EXTRACTED ENTRIES —
>>>>
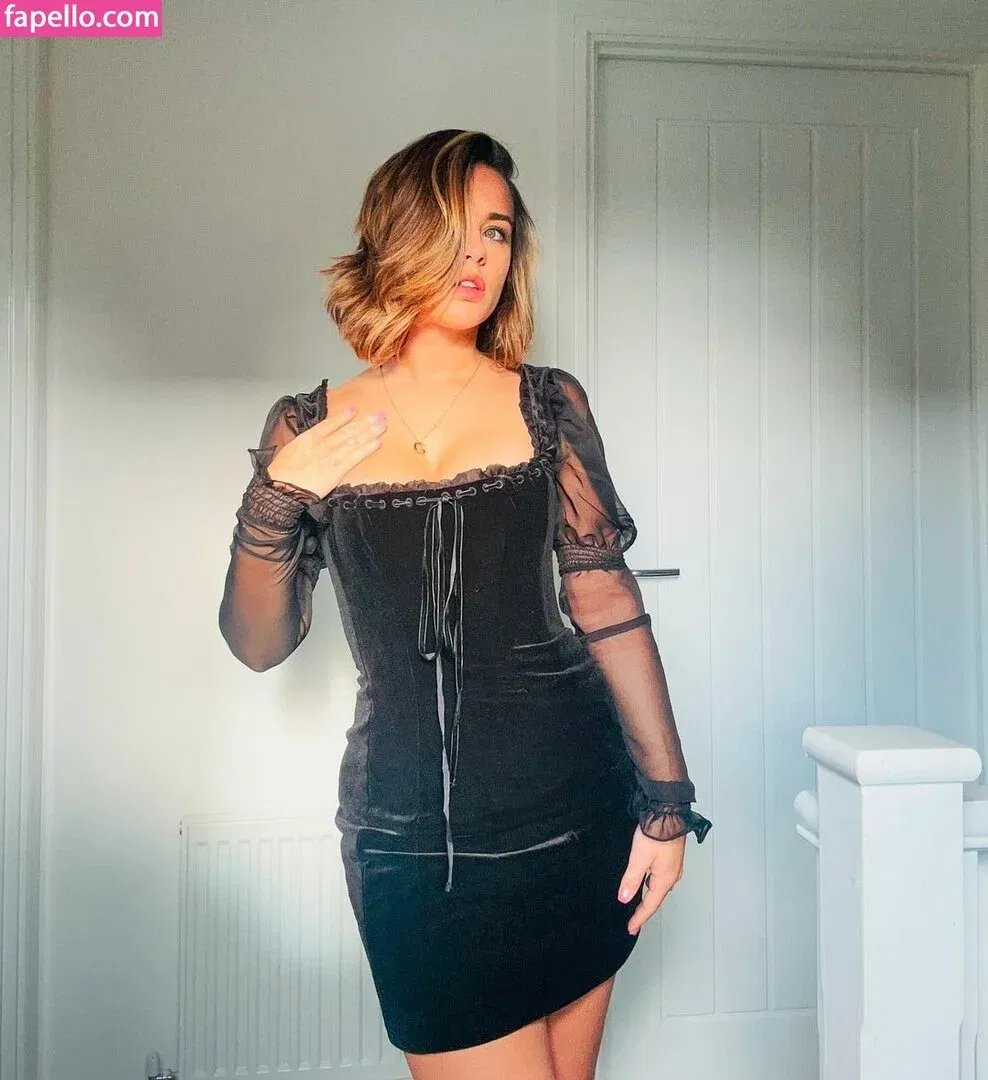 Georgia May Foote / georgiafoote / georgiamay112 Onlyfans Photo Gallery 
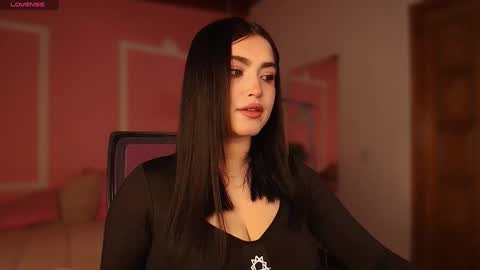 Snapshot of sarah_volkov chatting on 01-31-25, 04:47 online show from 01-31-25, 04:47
<<<<
>>>>
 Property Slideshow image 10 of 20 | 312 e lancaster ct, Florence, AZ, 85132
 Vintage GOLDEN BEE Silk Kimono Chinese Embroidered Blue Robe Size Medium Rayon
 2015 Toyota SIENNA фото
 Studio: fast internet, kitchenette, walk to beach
<<<<
WORK ITEM — Whatever pictures the records hold, omit them; give again exactly the lines from the one containing "Georgia May Foote" through the one containing "Snapshot of sarah_volkov".

TASK OUTPUT —
 Georgia May Foote / georgiafoote / georgiamay112 Onlyfans Photo Gallery 
 Snapshot of sarah_volkov chatting on 01-31-25, 04:47 online show from 01-31-25, 04:47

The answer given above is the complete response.